Bigger Isn’t Always Better: Starting Small as an Entrepreneur

young woman entrepreneur working on her computer

It may be stating the obvious to say that you don’t know what you don’t know, but it’s a concept worth paying attention to when it comes to stepping into entrepreneurship. Here are four reasons why starting small will help you learn and grow your business at a sustainable pace, which many find to be the best way to ensure long-term success.

1. Starting Small Creates Momentum

When you start small, each little accomplishment creates momentum that pushes you forward. Instead of biting off more than you can chew and potentially crashing and burning way too soon in the process, taking on smaller goals and achieving them creates a forward motion for your endeavor.

People like Akki Patel stepped into their entrepreneurial journeys one business at a time.
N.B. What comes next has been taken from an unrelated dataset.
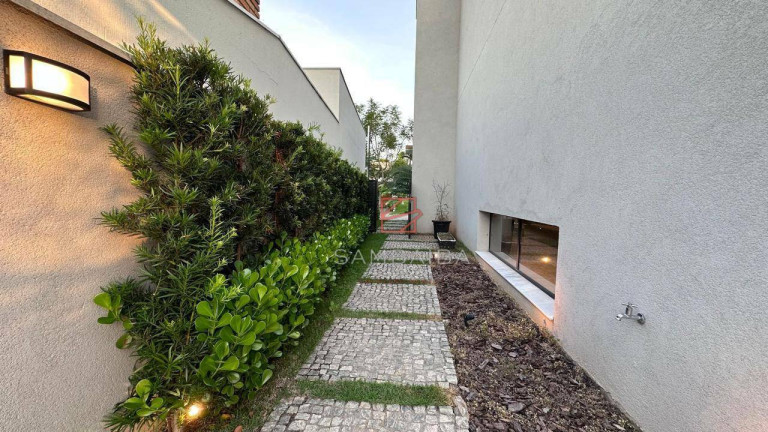Imagem Casa com 3 Quartos à Venda, 240 m² em Euroville - Bragança Paulista Imagem Casa com 3 Quartos à Venda, 240 m² em Euroville - Bragança Paulista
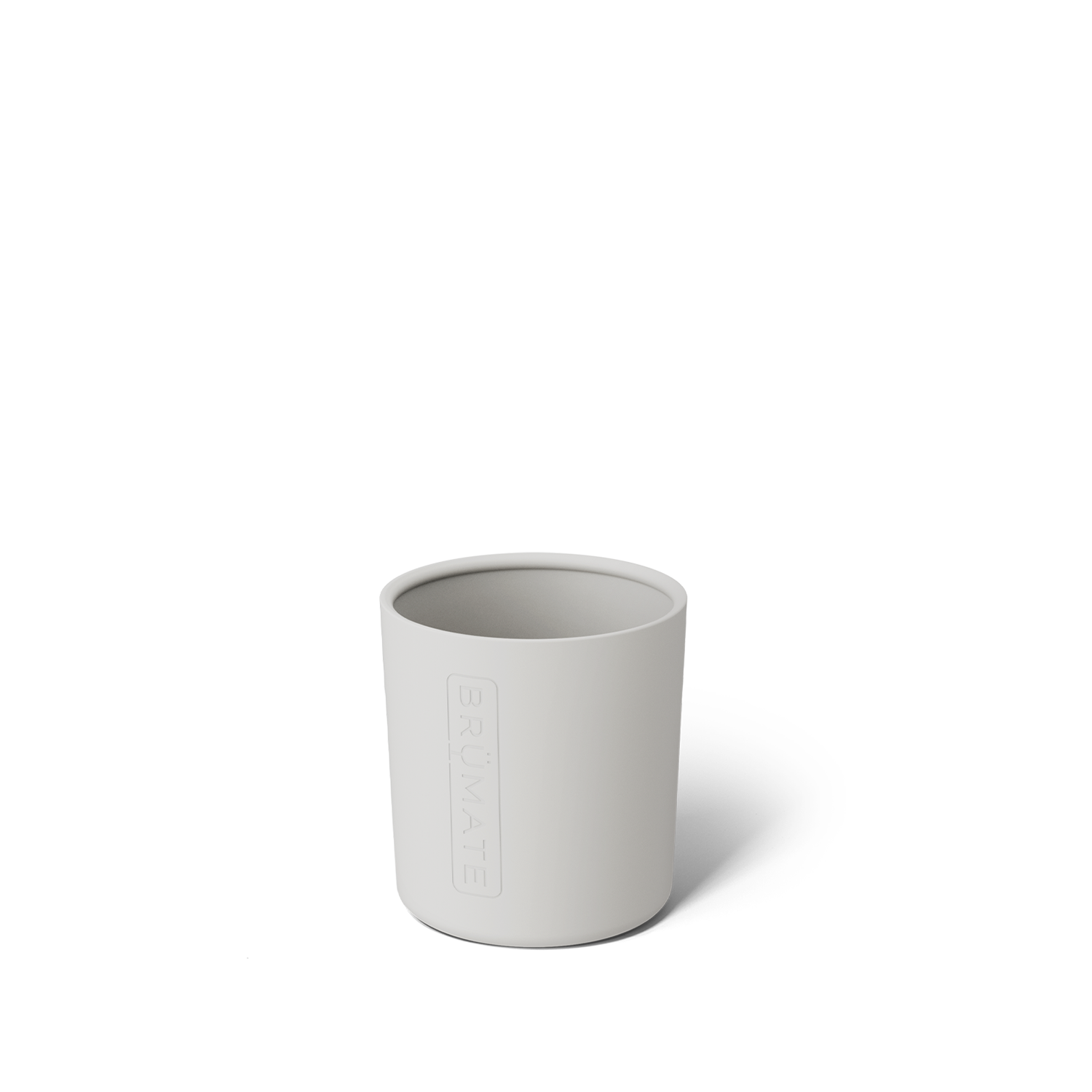 25oz Universal Sleeve (Müv/Nav/Resa)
In Patel’s case, he’s been able to turn the momentum he created from owning a single restaurant into a company that at one time owned and operated over 300 dining establishments. Starting small makes it easier to achieve the success that propels growth.

2. Starting Small Prevents Inertia

Beyond boosting momentum, starting small can prevent getting stuck, which is something that can easily happen if you are overwhelmed by taking on too much, too fast. If you’re attempting to accomplish more than you can handle or working with overly tight deadlines, you’re in danger of simply freezing where you stand, unable to act or react because you’ve stalled out. Tackling your goals in smaller steps makes it easier to keep putting one foot in front of the other.

3. Starting Small Is More Efficient

From exercising to cooking to painting your home, it’s hard to think of any task which isn’t best handled by working smarter, not harder. It’s the same for launching a business; if you can expend less energy and time accomplishing your goals, you’ll establish a pace at which you can reasonably grow. Working too hard is often worse than not working hard enough, because the work you do when you go all-out is often about doing more rather than doing things right.

4. Starting Small Makes You More Flexible

Although you may have done thorough research and planning, you really never know how a business is going to go until you launch. By starting small, you’ll be able to test the waters without diving in too deeply, so you can easily gauge what’s working and what isn’t. A modest beginning will offer you more space in which to pivot and make any necessary changes more easily. If you’ve committed a lot of resources to doing things a certain way, you’ll find that it can be much harder to have the flexibility required to recalibrate.

From building momentum so you don’t freeze in your tracks to improving efficiency and flexibility, there are a lot of smart reasons to start small when launching a business. Many top entrepreneurs have achieved what they have by embracing the opportunity to learn and adapt as they go, rather than starting too big and blowing their chance at success.